The handbook says "If the system fails, you can manipulate the bed with a crank. On the left side, a hump covers the hole for accessing the mechanism."
(There's a kind of artist's impression they've used to show what you're looking for, but it doesn't relate to anything we can see).

We've searched and searched, but can't find 'the hump' or any way of using the little crank to move the bed up or down.

If anyone here has a Chausson with the electric bed and has found the where and how of this, please put us out of our misery!


----------



## trakweb

Hi - only just seen this.

We had a Chausson Suite Relax with the electric bed and had the same problem. If you feel around the bulge you will feel a hole. I just fiddled with the crank and it took a while but it eventually latched onto the spindle.
Very slow to wind and I wouldn't like to have to do it often.

Note of caution - DO NOT LEAVE CRANK IN as I did as when it suddenly starts working again the handle rotates at an amazing speed and flies off. Fortunately no damage done.

Hope this helps


----------



## Hessi

Xtab,
sorry for the late answer, had a problem with our bed in Flash 22.
Found the cranking point for the handle, hope you have thin arms otherwise forget it.
If as i think you have the flash 22 please find information below.

Near side window behind passenger seat.
Two thirds along the window towards passenger seat if you look up you will see a hole approx 1" in diameter and this is where the mechanical cranking handle goes in.

If you hve thick arms you will never do as your arms have to fit between the bed and the blind cover for the window. I have thin arms and managed to get one in and crank bed down approx 1". After doinf this i could not get my arm out, elbow jammed between bed and blind cover. Had to crank bed back up to get my arm out. Really poor design and about as much good as a chocolate fireguard. I guess you would have to remove the blind cover to get even limited access.

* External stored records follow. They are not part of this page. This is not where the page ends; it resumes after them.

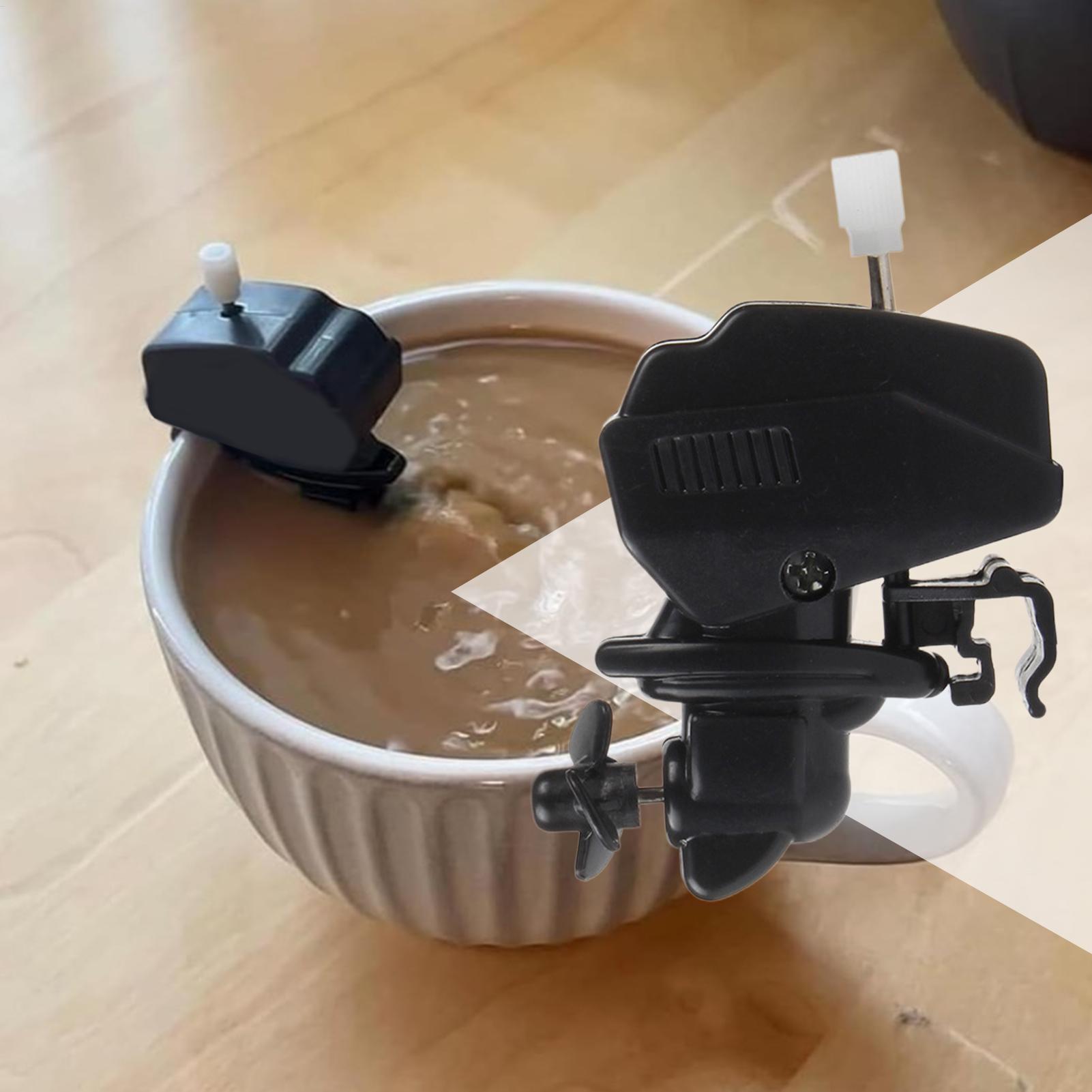 Outboard Motor Coffee Stirrer  – Bar Blender Mixing recenzja i cena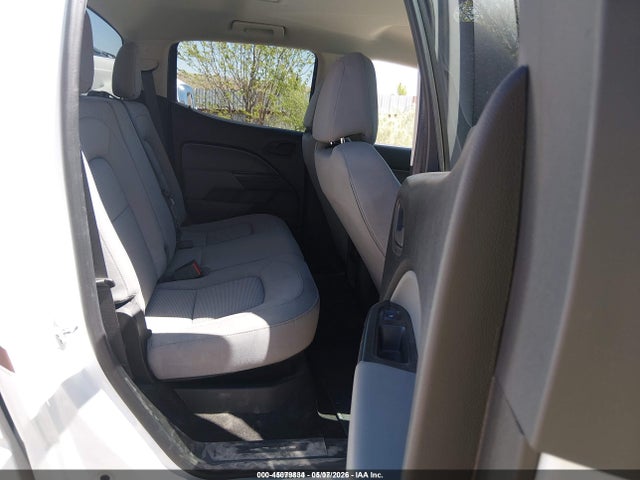 1GCGTAE39F1225633 Chevrolet Colorado Wt
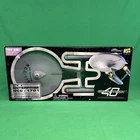 Star Trek U.S.S. Enterprise NCC-1701 16" Electronic Starship Art Asylum 2007 NEW
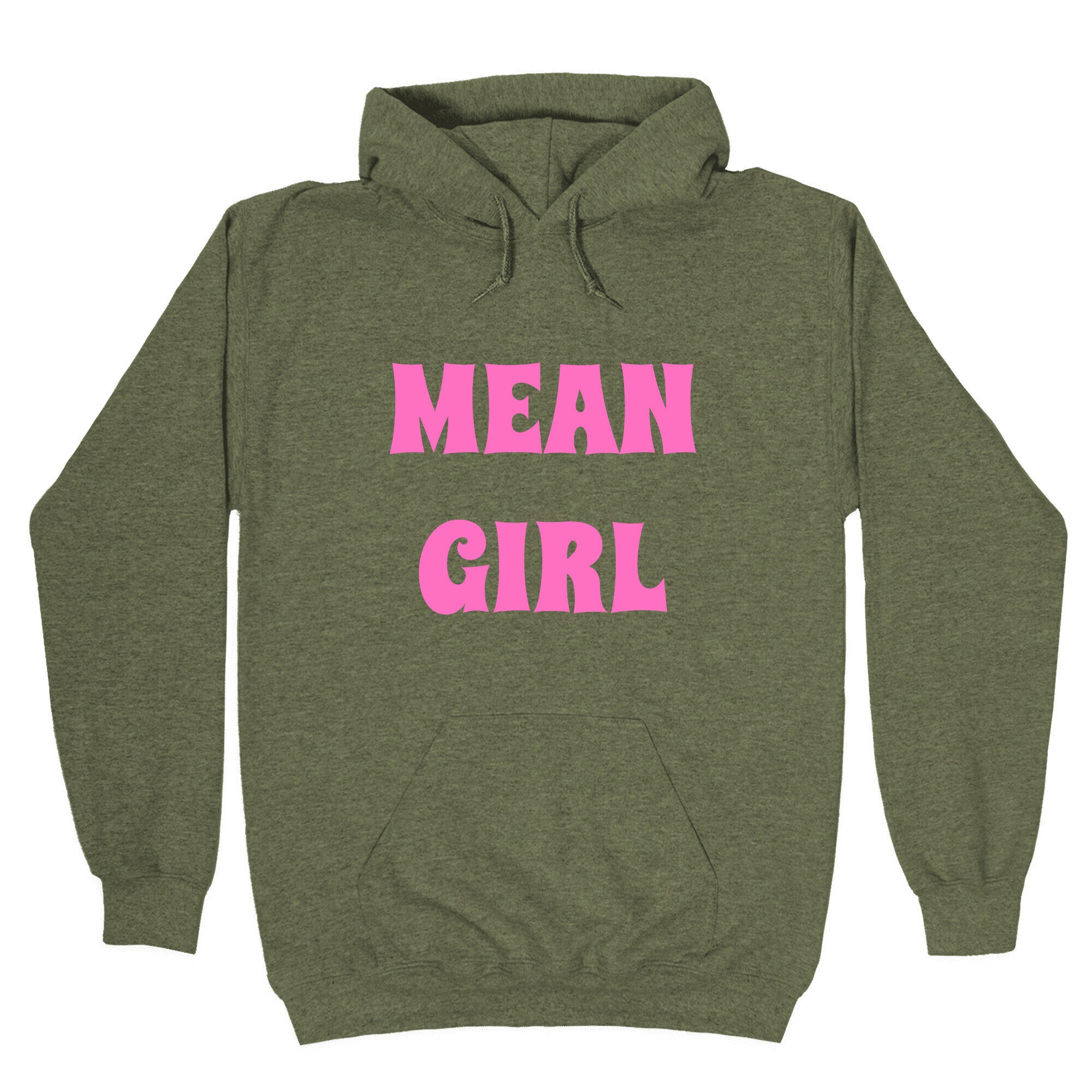 Mean Girl Hoodie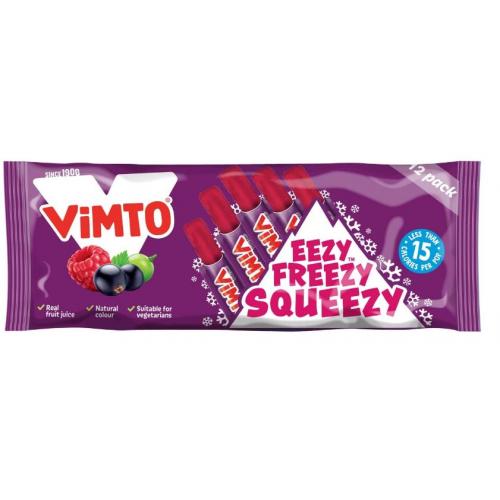 Vimto Squeezy Ice Pop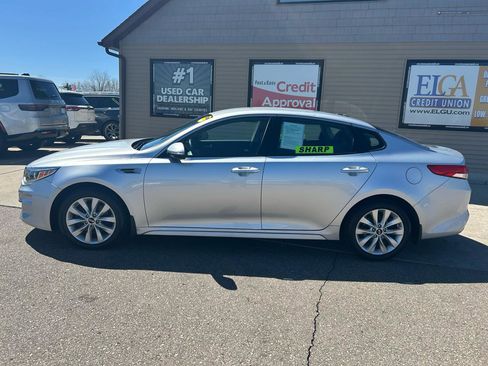 Used 2016 Kia Optima EX FWD image 8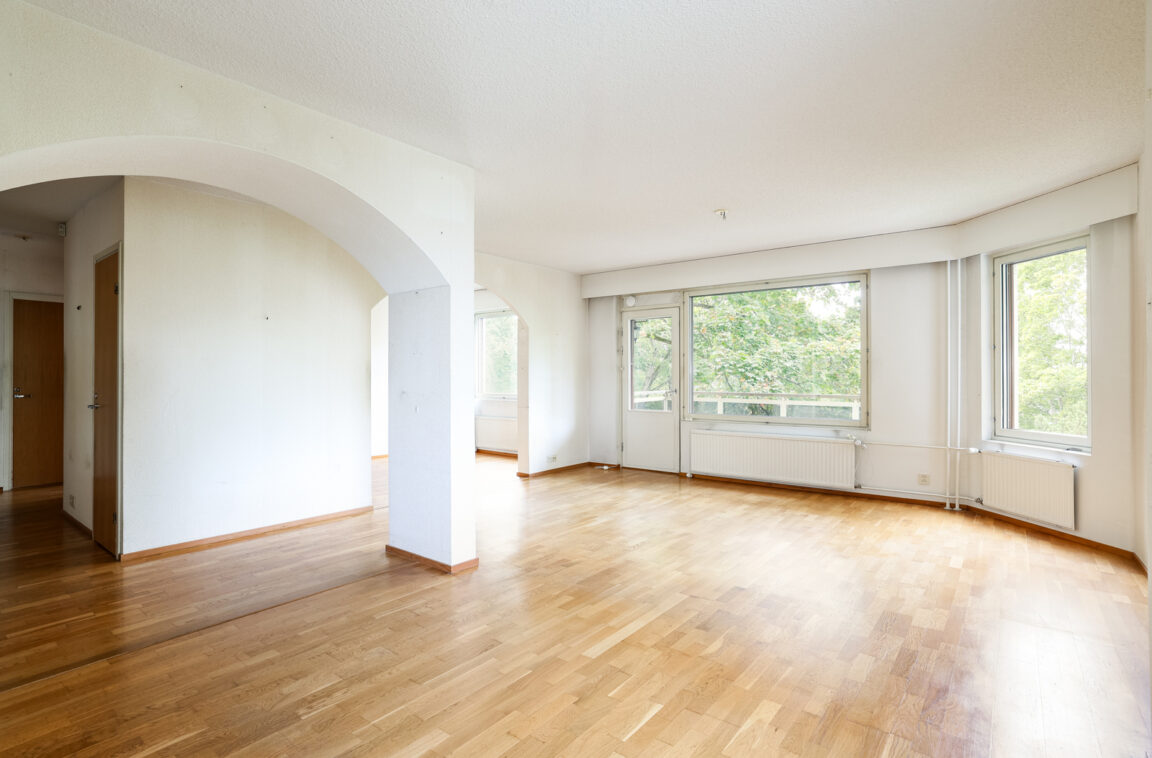 Hiekkakuja 1, Tampere (Pyynikki)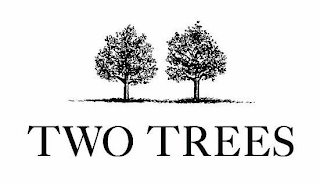 TWO TREES logo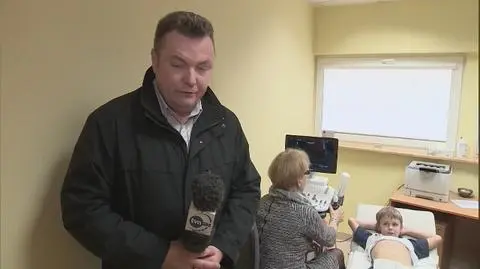 Badania dzieci pod kątem wczesnego wykrywania zmian nowotworowych (materiał archiwalny)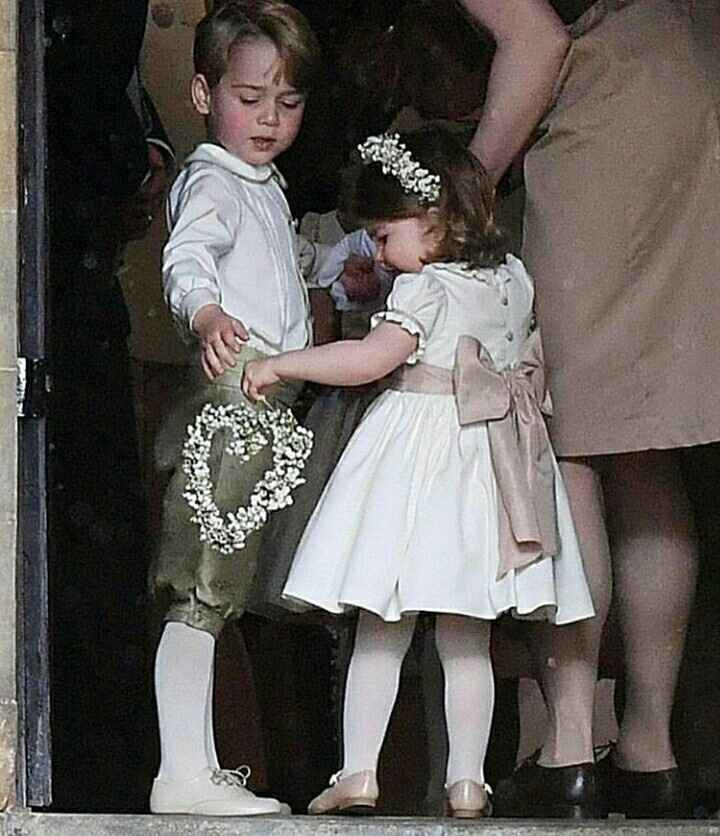 "royal " wedding du 20 mai - 4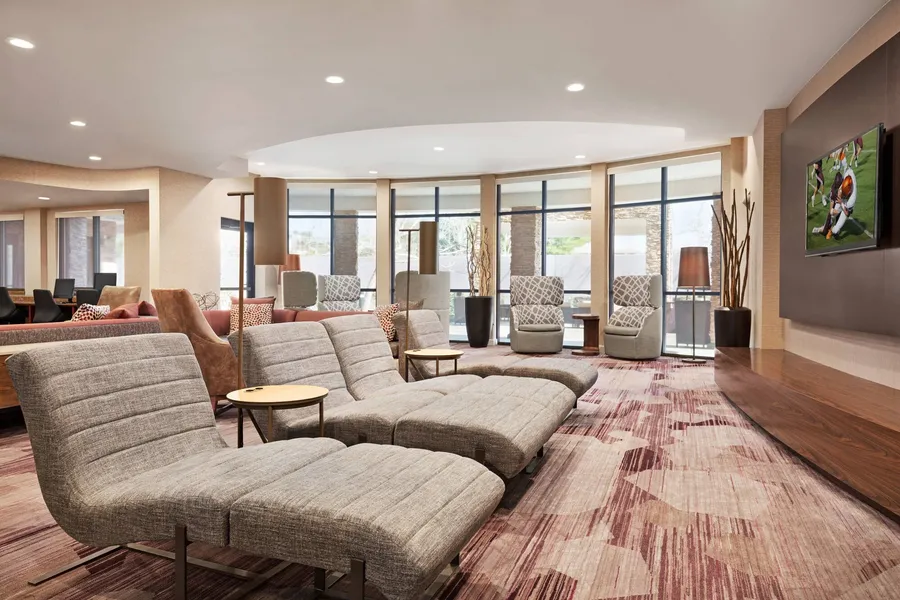Courtyard by Marriott Sacramento Folsom hotel detail image 2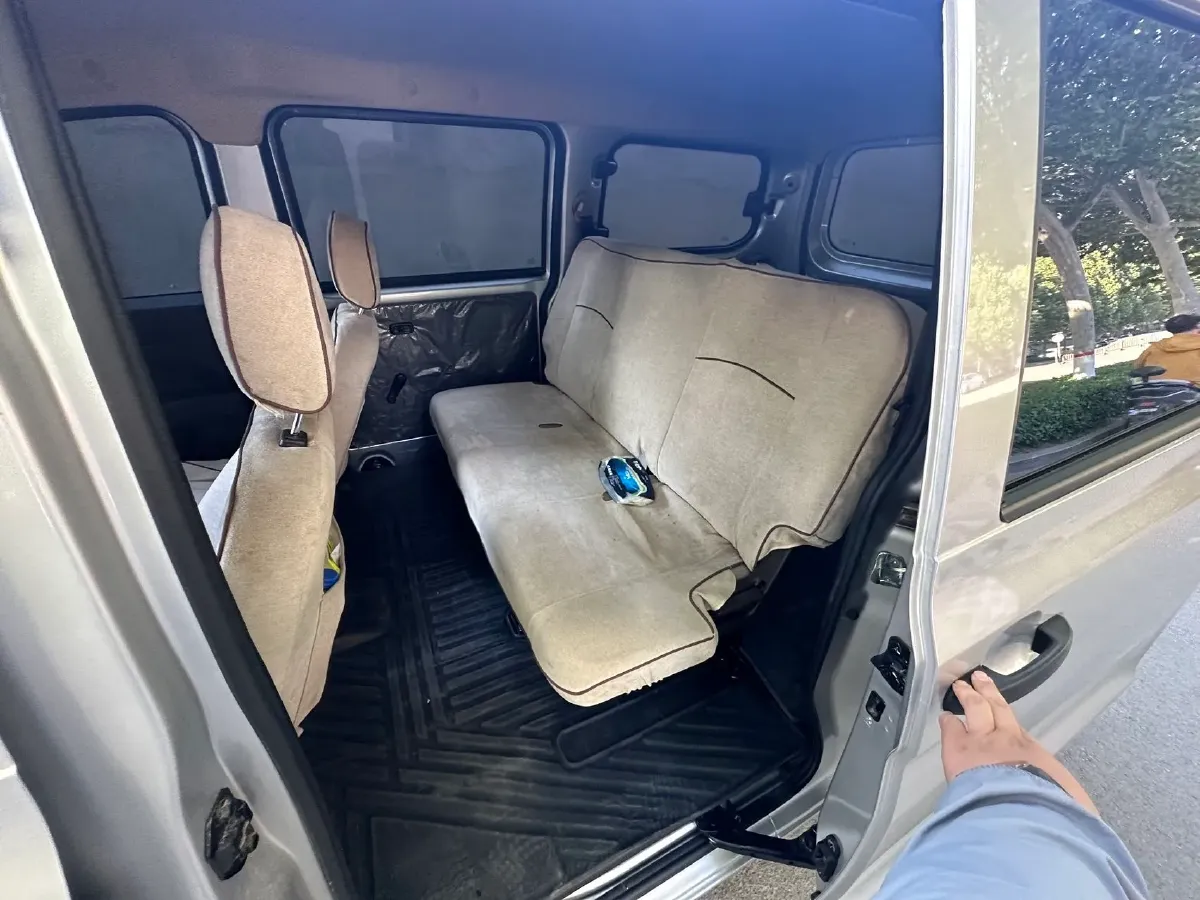 2022 JinBei Little Sea Lion X30 1.5L 102HP L4 5MT,autocango,china used car exporter,china ev exporter,chinese used car exporter,chinese used ev exporter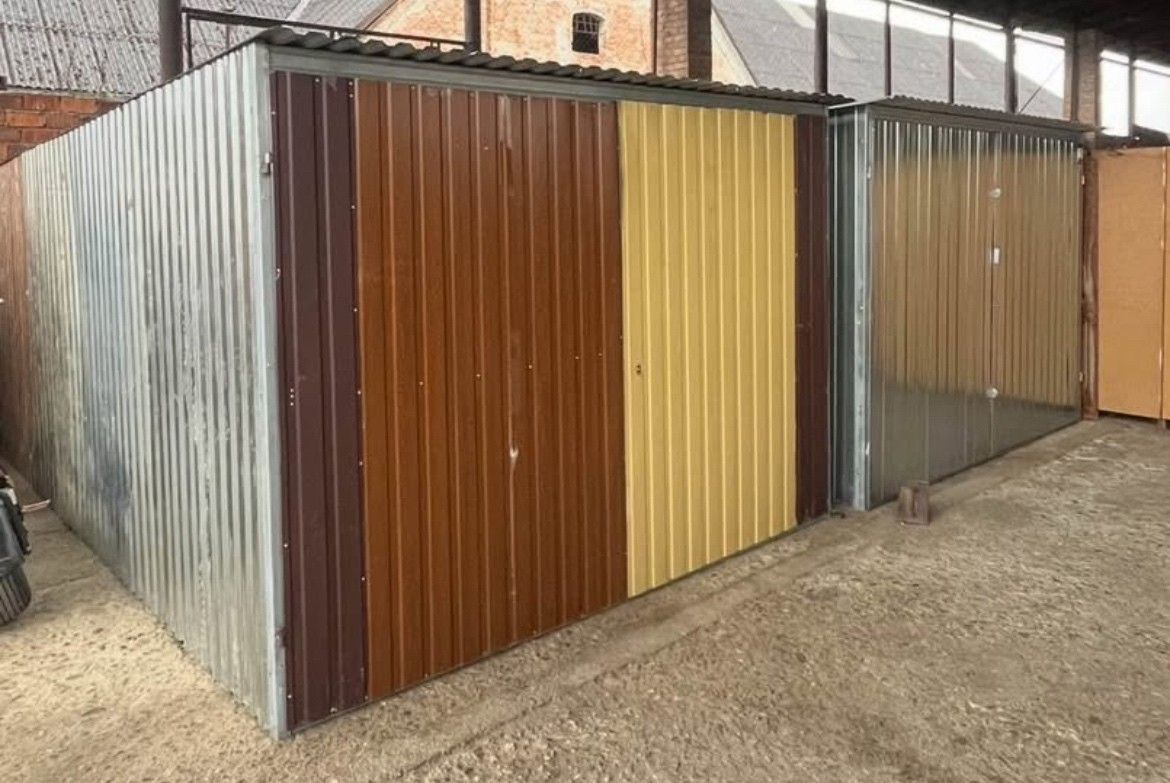 Garáže, Mnichovo Hradiště, 295 01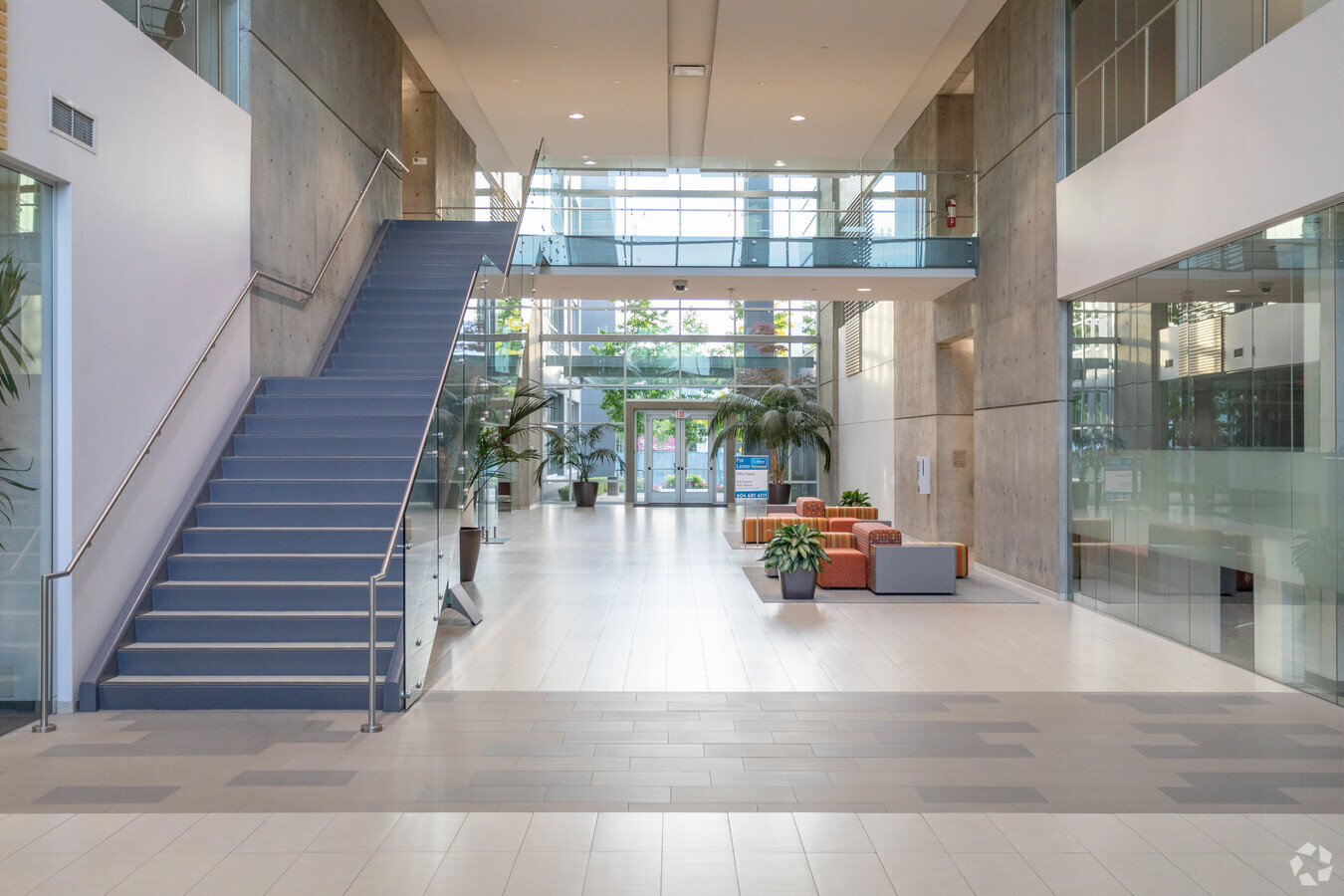 2 Person Private Office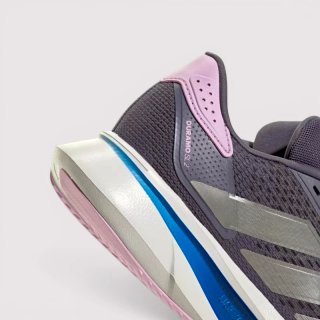 Zapatillas Adidas Duramo SL 2.0 W Gris/Rosa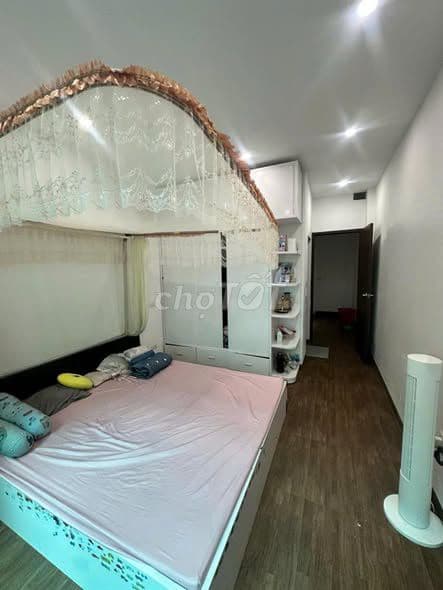 bán nhà 30m2 phố Vĩnh Hưng 6,58 tỷ - Ảnh 2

Hope this explanation helps but i am sure it won't help you. Poor design if you ask me.

rgds

Hessi


----------



## terencepaul

Hi, I have a Chausson Sweet Maxi now and found this topic interesting. I looked and found the hump too on the left side of the drop down bed and located the crank gadget but so far I have not engaged it anywhere that is correct as it seems more like a cavern shape opening on the side rather than a small hole for the crank. I will look some more, just in case I ever need it. Hopefully not and I guess starting the engine will get over the battery not doing so good.


----------



## Spacerunner

Check out the Chausson group on Facebook, this topic is discussed at length on there. Some contributors have a lot of knowledge about the problems with electric beds.


----------



## fatbuddha

interesting that this has come up as we've just acquired a Welcome 610 on a Ford chassis. I'll take a look at that Facebook page


----------



## terencepaul

Hi,
I set out to explore the electric bed and get how it is raised using the handle gadget last week. I do no longer like using Facebook so that option was overlooked. I have never really needed to use it and always thought of starting the engine would fix it. Anyway, in my Sweet Maxi the underside of the bed shows a hump on the left side and slightly in front of the island and if you peek under your mattress you will see a wooden cover sitting there which hides the motor mechanism that raises the bed. I used a mirror held next to the window to look clearly inside the hump and easily located the hole in the the motor slightly off centre and a bit lower and on placing the handle gadget proceeded to raise the bed quite easily. I am sure other Chausson models will differ

Any Sweet or Suite Maxi owners out there?


----------